My main questions was what other possible effects will upgrading the IDE have on all the 1284/644P added boards that were constructed using version 1.0 of the IDE?

Lefty

scswift:

retrolefty:
Just an observance that I upgraded to the arduino IDE version 1.0.3 and was getting errors when a 1284p board was selected and trying to verify a sketch, but not when a Uno board selected. One error was INPUT_PULLUP not defined and I think byte not a type, etc. What I did was copy the Arduino.h file from 1.0.3 and replaced the one used in the added hardware files and that seemed to work. I guess my main question would be are there other changes required? Seems that adding new/different boards types to the users hardware files will never be completely independent of the version of IDE being used, so on going maintenance is probably a never ending requirement?

Lefty

Yes I ran into this problem myself. Apparently definitions for certain constants like INPUT_PULLUP are in those hardware specific folders. Seems like a bad design decision to me. I can't see a reason to make a constant like that hardware specific.

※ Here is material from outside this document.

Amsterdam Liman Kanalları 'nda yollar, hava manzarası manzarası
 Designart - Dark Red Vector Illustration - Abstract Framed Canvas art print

I agree, at least for the case of the Arduino.h file as it already seems to be processor type aware for the 1284P/644P chips, so I don't understand why a seperate Arduino.h file needs to be in the user's hardware folders? Extracted from the Arduino.h file from IDE version 1.0.3:

#if defined(__AVR_ATtiny24__) || defined(__AVR_ATtiny44__) || defined(__AVR_ATtiny84__) || defined(__AVR_ATtiny25__) || defined(__AVR_ATtiny45__) || defined(__AVR_ATtiny85__)
#define DEFAULT 0
#define EXTERNAL 1
#define INTERNAL 2
#else  
#if defined(__AVR_ATmega1280__) || defined(__AVR_ATmega2560__) || defined(__AVR_ATmega1284P__) || defined(__AVR_ATmega644P__)
#define INTERNAL1V1 2
#define INTERNAL2V56 3
#else
#define INTERNAL 3
#endif
#define DEFAULT 1
#define EXTERNAL 0
#endif

Lefty

While we're on the subject of supporting other processors, you know what would be really awesome would be XMEGA support. I'm not sure why they chose to go with the arm processor they used in the DUO, but that chip is huge and seems to require a whole lot of support circuity. I don't think I'd ever want to take that processor and stick a bare bones version in my own project. The xmega on the other hand comes in a small 44 pin version, looks easy to use, has a built in DAC for audio output... Aside from running a 3.3v potentially being a problem for controlling servos, for projects that need a little bit extra oomph, and 32mhz xmega seems like an excellent choice for an upgrade if you need twice the speed and/or audio output.

scswift:
While we're on the subject of supporting other processors, you know what would be really awesome would be XMEGA support. I'm not sure why they chose to go with the arm processor they used in the DUO, but that chip is huge and seems to require a whole lot of support circuity. I don't think I'd ever want to take that processor and stick a bare bones version in my own project. The xmega on the other hand comes in a small 44 pin version, looks easy to use, has a built in DAC for audio output... Aside from running a 3.3v potentially being a problem for controlling servos, for projects that need a little bit extra oomph, and 32mhz xmega seems like an excellent choice for an upgrade if you need twice the speed and/or audio output.

Well googling there seems to have been some working on such a port, but best I can tell progress seems to have stopped with Arduino version 18, so not likely easy to install for arduino IDE 1.0.x

http://www.akafugu.jp/posts/blog/2011_11_25%20-%20Wire%20in%20Xmegaduino/

There seems to also be a currrent kickstarter project that will have to deal with adding support to run on the currrent arduino IDE. However it doesn't appear he/she will reach their goal amount in the time left?

http://www.kickstarter.com/projects/myownduino/sirduino-a-xmega-powered-arduino

Lefty

I seem to recall reading somewhere that xmegas were though about but were ditched due to reliability and supply issues.

Also, there is an Arduino IDE spinoff for XMegas:

But I believe they forked the whole IDE, so it isn't as simple as just a new core.

Guess I'll have to look at the pins_arduino.h that goes with

defined(AVR_ATmega1284P)

and see if its usable with my Bobuino boards.